Casas a pagar rendas astronómicas! Aqui, com um nicho de mercado, conseguimos
ter sustentabilidade. Não há concorrência directa ao nosso posicionamento
actual, que é equilibrado e justo.
A.R.:
Há quem entre no
negócio por paixão e há quem entre no negócio por acaso. No teu (a)caso…?
R.R.:
Eu sempre quis ter um
restaurante.
A.R.:
Neste momento tens
três.
R.R.:
Sim, e não me considero
o melhor, mas quero ser o melhor. Então, estudo quem é o melhor e aproprio-me
disso de modo adequado ao mercado e com um alinhamento ligeiramente diferente.
Sinto que é um desafio, porque o mercado é mutante, mas forma-nos e torna-nos
mais inteligentes. Ter a perspectiva de evoluir é importante para crescer e
para despertar sentidos. A competição, que nem sempre é saudável e que implica,
às vezes, decisões erradas, obriga-te a crescer.

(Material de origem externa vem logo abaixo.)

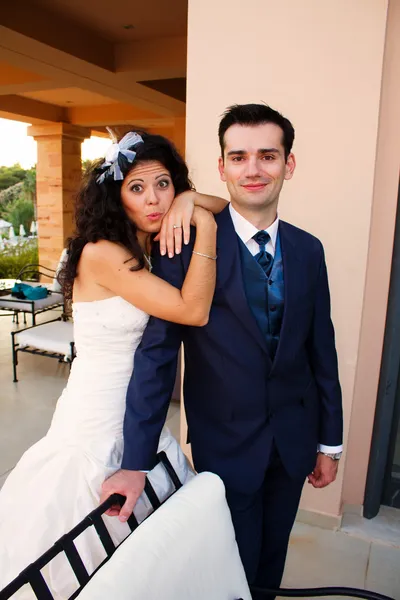 Apenas casado feliz jovem casal — Fotografia de Stock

Sinto-me uma pessoa mais
activa, mais dinâmica intelectualmente e, quando me reencontro com pessoas que
já conhecia, consigo ler no semblante delas “como
é que este gajo chegou aqui?”. Valorizo muito a amizade mas, neste momento,
não a consigo alimentar porque a vida não o permite. Sempre que posso, nesse
registo, continuo a ser a mesma pessoa.
A.R.: Tens feito novos amigos?
R.R.: Exactamente como na noite – falam
contigo, mas no dia seguinte não te conhecem. Na restauração passa-se (um
bocadinho) o mesmo: continuam a haver muitas barreiras entre pessoas,
empresários e chefes de cozinha. Às vezes não é permitido criar sinergias. Há
alguma inveja. A minha mãe sempre me disse que os nossos amigos gostam de nos
ver bem mas nunca melhor do que eles, e eu sinto um bocado isso. Tenho
conhecido pessoas interessantes e aprendido coisas interessantes, mas
amizades?, isso são coisas que se constroem.
A.R.: Podemos ser optimistas?
R.R.: Nota-se que há optimismo no consumo. As
pessoas estão mais predispostas a gastar dinheiro. A venda de vinho em cadeias
caiu, por exemplo, porque as pessoas gastam mais dinheiro em restauração. Agora,
o cliente que gasta dinheiro é muito certeiro acerca do local onde o vai gastar.
Tens de ser mesmo muito apetecível.
E, até ser apetecível, eu demorei cinco anos. Então, a questão é: tens
predisposição para viver um negócio que ainda não é autossustentável ou não?